Date of last search: 10 October 2017.
We also carried out a separate search of Embase and the reference lists of included trials. We searched clinical trials registries for any ongoing trials and made contact with pharmaceutical companies for any further trials.
Date of Embase search: 11 October 2017.
Randomised or quasi-randomised parallel trials comparing long-acting inhaled bronchodilators (beta-2 agonists and muscarinic antagonists) with placebo, no treatment or a different long-acting inhaled bronchodilator in adults and children with cystic fibrosis.
Both authors independently assessed trials for inclusion (based on title, abstract and full text). The authors independently assessed the included trials for quality and risk of bias and extracted data. Discrepancies were resolved by a third party.
The searches identified 195 unique references, of which 155 were excluded on title and abstract. We assessed the full texts of the remaining references, excluded 16 trials (28 references) and included four trials (12 references) in the review with 1082 participants.
One trial (n = 16) measuring the effect of beta-2 agonists reported an improvement in forced expiratory volume at one second (FEV1) after treatment (at one month), but the trial was small with an unclear risk of bias so we judged the evidence to be very low quality. The trial did not report on participant-reported outcomes, quality of life or adverse events.
Three trials (n = 1066) looked at the effects of the muscarinic antagonist tiotropium at doses of 2.5 µg and 5.0 µg in both the short term (up to 28 days) and the longer term (up to three months).

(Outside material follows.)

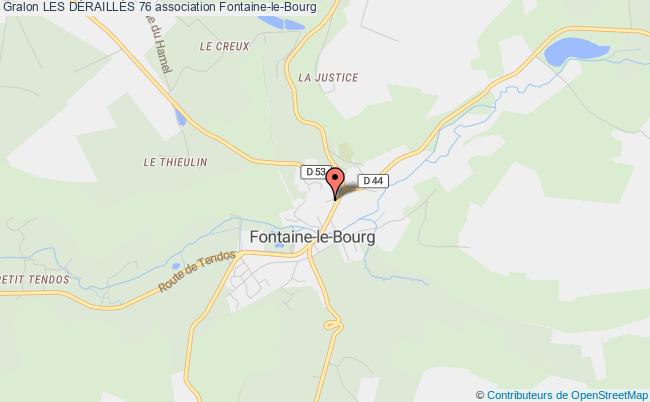 plan association Les DÉraillÉs 76 Fontaine-le-Bourg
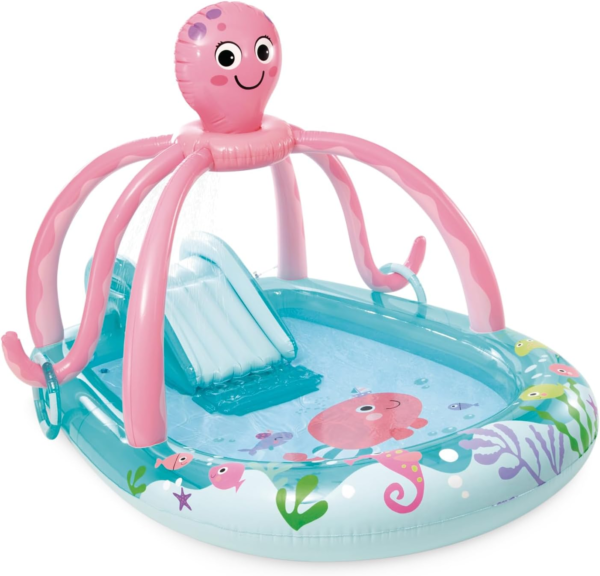 Intex Friendly Octopus Fancy Play Center Pool 92"L x 72"W x 59"H 56138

Only one of the trials reported the change in FEV1 (L) after 28 days treatment and showed no significant difference between groups; with 2.5 µg tiotropium, mean difference (MD) -0.02 (95% confidence interval (CI) -0.13 to 0.09), or 5.0 µg tiotropium, MD 0.00 (95% CI -0.10 to 0.10) (moderate-quality evidence). All three trials of muscarinic antagonists provided data on adverse events which were found to differ little from placebo at doses of 2.5 µg, risk ratio (RR) 1.01 (95% CI 0.92 to 1.11) or 5.0 µg, RR 0.98 (95% CI 0.90 to 1.06). Very little participant-reported outcome data or quality of life data were available for analysis. Two of the trials were at low risk of bias overall whilst the remaining trial was at an unclear risk overall.